Now under serious threat from ruthless corporate development and the death grip of gentrification, the original neighbourhood that brought the world Basquiat and CBGBs is sadly long out of reach for working-class artists.

In 1984, Sex Pistols and Public Image Ltd frontman John Lydon, having already burned through the former band and now in PiL’s ‘second phase’, was seeing for himself what all the fuss was about. Exposed to the fledgling electro hip-hop pumped out of sound systems and nightclubs, Lydon came across the innovative breakbeat stylings of Afrika Bambaataa.

Hailing from the Bronx River Projects and inspired by a trip to Africa, Bambaataa formed the Zulu Nation group, a hip-hop collective dedicated to easing street tension and youth violence, and became a towering figure in the hip-hop scene with ’82’s ‘Planet Rock’, famously sampling Kraftwerk’s ‘Trans-Europe Express’.

After being introduced by producer and svengali Bill Laswell, Lydon agreed to lend his distinct, nasal whine to a new Bambaataa record, a good two years before Aerosmith’s more commercially successful rap crossover with Run-DMC. Lydon recollected in an ’18 interview with The Guardian: “The studio was full of people, all strangers,” he says. “I felt nervous and frightened: ‘I’m going to make a fool of myself here.’ Perfect!”

The end result was ’84’s ‘World Destruction’ with Bambaataa’s side-project Time Zone. A bombastic groove of chunky drums and processed guitar belligerently seizing your attention with funky angst, the track serves as a perfect cultural document of the New York scene, plus the international political turmoil of the era.

A lyrical spew of end-times paranoia and governmental brainwashing, “The human race is becoming a disgrace. Nationalities are fighting with each other. Why is this? Because the system tells you. Putting people in faceless categories. Knowledge isn’t what it used to be” the pair spit, channelling the febrile Cold War tensions and the neoliberal shifts taking place across the Western world.

Lydon’s flirtation with rap was mused with self-deprecation: “The rap thing hadn’t really existed until that point, but I related it to Jamaican toasting, which I loved. I didn’t mind singing someone else’s lyrics because the Pistols covered Who songs. The difficult bit is making them sound poignant and relevant … so I was over-enunciating, exploiting every word.”

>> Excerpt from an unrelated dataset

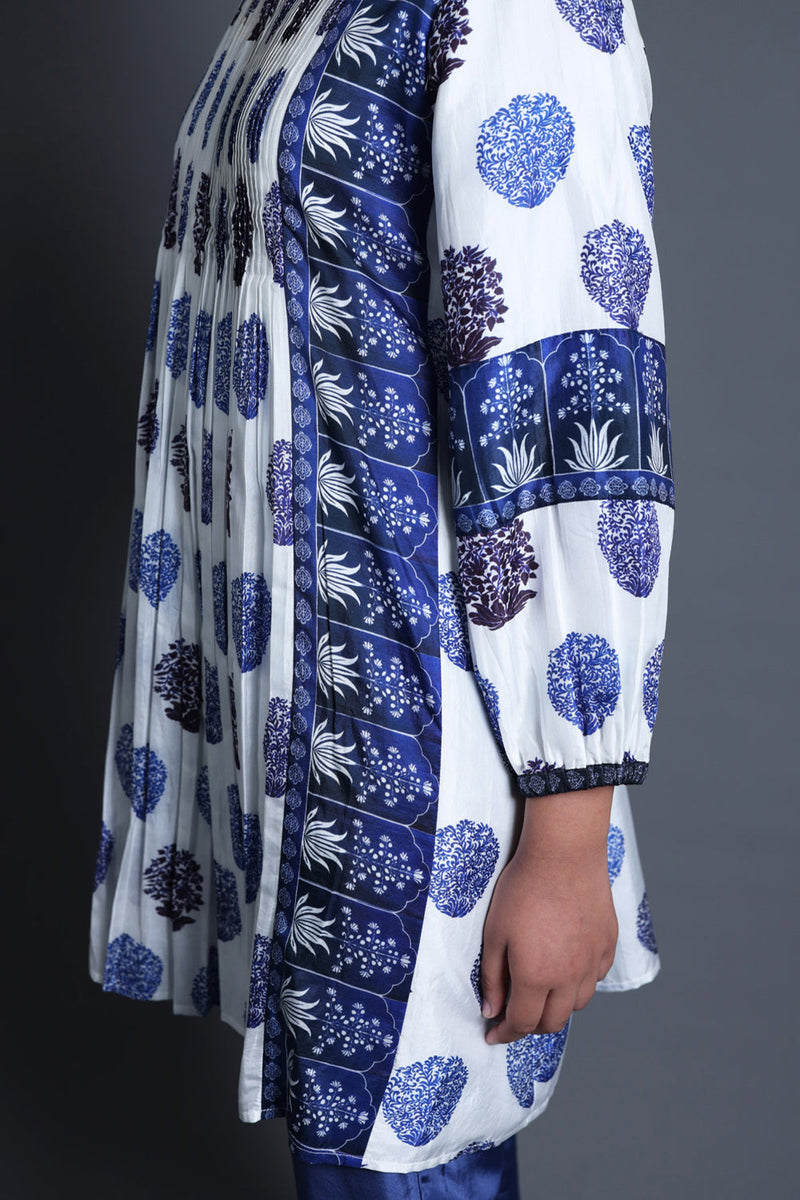 Pleated Kurti With Pant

Both artists are now seen very differently from those who formerly admired them. A string of child abuse allegations resulted in Bambaataa’s expulsion from Zulu Nation, and Lydon’s embrace of the MAGA right has eroded the respect he once demanded with his forthright opinion on a range of social topics. Despite such disappointments, ‘World Destruction’ still stands as an important document of organic, musical cross-pollination and a time when politics and pop saw merit in each other.